Cities are no different from massive prisons: places dominated by turmoil and chaos, where temporary pleasures and amusements are clung to merely as a way to hold on to life; where inmates devour and fight each other for some hollow sense of entertainment; where they passively or actively obey every given order; where they spend all their days within colorless, gray, concrete walls—without freedom, without genuine engagement—simply because this is their only choice. The only way out is to wait for the “sentence” to end—or to choose the ultimate, shortest escape: suicide. People have been forcibly confined here, like prisoners serving time. Being here was not their choice, so why are they even here?

― Atrona Grizel

Sometimes I wish I could not calm myself, so that I could feel the desire and impulse to end my life, but I cannot. No matter what I experience, as soon as I return to solitude, I pull myself together.

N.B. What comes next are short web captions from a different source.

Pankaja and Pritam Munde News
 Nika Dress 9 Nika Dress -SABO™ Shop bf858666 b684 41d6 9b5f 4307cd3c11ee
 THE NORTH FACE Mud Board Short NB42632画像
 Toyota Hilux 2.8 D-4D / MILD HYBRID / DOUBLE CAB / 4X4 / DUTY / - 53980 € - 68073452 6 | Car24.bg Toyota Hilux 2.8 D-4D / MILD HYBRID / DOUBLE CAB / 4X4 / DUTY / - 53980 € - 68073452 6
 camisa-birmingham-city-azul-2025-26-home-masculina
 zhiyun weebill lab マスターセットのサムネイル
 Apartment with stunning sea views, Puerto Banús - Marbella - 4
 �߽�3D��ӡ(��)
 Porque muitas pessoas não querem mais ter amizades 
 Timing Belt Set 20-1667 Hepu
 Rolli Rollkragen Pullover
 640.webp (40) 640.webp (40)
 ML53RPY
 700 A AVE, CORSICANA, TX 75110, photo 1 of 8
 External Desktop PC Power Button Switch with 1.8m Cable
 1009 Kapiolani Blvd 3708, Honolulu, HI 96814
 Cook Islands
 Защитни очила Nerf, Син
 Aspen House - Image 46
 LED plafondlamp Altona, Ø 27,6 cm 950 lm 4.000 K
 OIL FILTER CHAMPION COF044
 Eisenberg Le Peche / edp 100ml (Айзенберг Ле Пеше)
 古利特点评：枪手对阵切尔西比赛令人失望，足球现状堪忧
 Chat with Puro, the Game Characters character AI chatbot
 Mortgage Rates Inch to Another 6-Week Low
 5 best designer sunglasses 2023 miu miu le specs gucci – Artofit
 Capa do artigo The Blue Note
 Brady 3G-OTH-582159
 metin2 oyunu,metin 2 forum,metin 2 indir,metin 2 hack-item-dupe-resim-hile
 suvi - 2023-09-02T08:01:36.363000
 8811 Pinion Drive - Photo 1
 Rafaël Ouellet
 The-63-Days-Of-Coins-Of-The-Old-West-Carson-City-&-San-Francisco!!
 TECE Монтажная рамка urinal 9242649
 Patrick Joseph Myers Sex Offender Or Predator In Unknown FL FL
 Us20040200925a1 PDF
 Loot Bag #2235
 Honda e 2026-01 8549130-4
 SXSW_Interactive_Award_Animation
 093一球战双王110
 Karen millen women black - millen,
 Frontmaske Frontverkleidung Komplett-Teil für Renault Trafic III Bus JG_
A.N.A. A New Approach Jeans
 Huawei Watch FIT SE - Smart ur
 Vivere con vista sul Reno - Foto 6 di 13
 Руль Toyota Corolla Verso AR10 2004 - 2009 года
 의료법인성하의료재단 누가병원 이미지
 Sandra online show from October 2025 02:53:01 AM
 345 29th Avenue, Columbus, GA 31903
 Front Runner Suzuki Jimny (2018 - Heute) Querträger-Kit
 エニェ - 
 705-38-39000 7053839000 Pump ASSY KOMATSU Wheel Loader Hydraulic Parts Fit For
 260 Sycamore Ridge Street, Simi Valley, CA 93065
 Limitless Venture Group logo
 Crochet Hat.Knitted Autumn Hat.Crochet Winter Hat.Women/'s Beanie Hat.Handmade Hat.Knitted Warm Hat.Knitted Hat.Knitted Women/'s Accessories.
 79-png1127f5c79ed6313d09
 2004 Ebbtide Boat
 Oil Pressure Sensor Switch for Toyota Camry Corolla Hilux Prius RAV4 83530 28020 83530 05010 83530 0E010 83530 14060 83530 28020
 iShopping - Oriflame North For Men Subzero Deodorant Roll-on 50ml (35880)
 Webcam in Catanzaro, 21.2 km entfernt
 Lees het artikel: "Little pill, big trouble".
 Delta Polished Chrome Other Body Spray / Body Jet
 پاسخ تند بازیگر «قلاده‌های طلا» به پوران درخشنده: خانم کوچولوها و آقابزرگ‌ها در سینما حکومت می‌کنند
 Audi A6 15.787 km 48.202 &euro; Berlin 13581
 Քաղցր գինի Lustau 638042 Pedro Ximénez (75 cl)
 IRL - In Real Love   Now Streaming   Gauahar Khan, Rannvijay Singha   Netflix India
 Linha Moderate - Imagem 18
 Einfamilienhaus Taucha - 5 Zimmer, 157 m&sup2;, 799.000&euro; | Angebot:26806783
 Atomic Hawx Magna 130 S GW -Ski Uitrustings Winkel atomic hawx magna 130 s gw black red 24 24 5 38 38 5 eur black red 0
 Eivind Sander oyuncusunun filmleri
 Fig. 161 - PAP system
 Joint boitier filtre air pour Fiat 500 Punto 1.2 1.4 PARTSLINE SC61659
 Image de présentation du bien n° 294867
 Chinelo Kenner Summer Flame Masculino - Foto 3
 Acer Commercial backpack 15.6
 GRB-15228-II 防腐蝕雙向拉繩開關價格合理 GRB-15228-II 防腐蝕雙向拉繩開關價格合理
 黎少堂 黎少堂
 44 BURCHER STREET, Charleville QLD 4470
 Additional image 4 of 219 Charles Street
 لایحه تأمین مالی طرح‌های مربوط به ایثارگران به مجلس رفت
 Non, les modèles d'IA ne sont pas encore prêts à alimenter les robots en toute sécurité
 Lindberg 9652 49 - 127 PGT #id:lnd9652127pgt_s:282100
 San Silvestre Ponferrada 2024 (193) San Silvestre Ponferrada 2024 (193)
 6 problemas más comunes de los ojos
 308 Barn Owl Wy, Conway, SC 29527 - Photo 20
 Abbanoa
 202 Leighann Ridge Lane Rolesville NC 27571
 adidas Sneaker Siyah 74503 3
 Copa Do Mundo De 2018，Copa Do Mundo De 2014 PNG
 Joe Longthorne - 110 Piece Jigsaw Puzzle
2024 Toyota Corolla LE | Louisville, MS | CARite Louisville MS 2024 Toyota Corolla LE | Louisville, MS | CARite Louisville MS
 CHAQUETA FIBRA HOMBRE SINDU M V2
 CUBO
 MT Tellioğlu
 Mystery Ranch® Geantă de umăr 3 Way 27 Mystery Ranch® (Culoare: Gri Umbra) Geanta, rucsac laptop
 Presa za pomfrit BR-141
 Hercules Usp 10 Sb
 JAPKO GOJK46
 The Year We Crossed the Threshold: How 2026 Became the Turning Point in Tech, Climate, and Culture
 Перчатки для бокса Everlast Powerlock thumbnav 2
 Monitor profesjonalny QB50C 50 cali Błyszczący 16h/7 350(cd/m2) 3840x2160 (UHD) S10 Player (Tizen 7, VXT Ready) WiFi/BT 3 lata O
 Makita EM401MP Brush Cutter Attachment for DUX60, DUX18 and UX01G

It is like entering a portal: when I withdraw into seclusion, I change dimensions and find the strength to deal with any pain. If I wanted to commit suicide, I would have to consciously learn how to make myself suicidal, because no impulse has authority over me.

― Atrona Grizel

My solitude functions as a kind of “reset button” that renders everything that came before it ineffective. That is to say, as long as I am with people, the only thing I think about is getting away from them as soon as possible and returning to my solitude, to my home. And when I return, I do not even remember what I experienced outside; as I get lost in my inner world once more, these things remain only in theory. The danger is not that toxicity enters my life, but that nothing external can survive for long in my inner world. This is not repression, but mastery. Defensive adaptation taken to an extreme.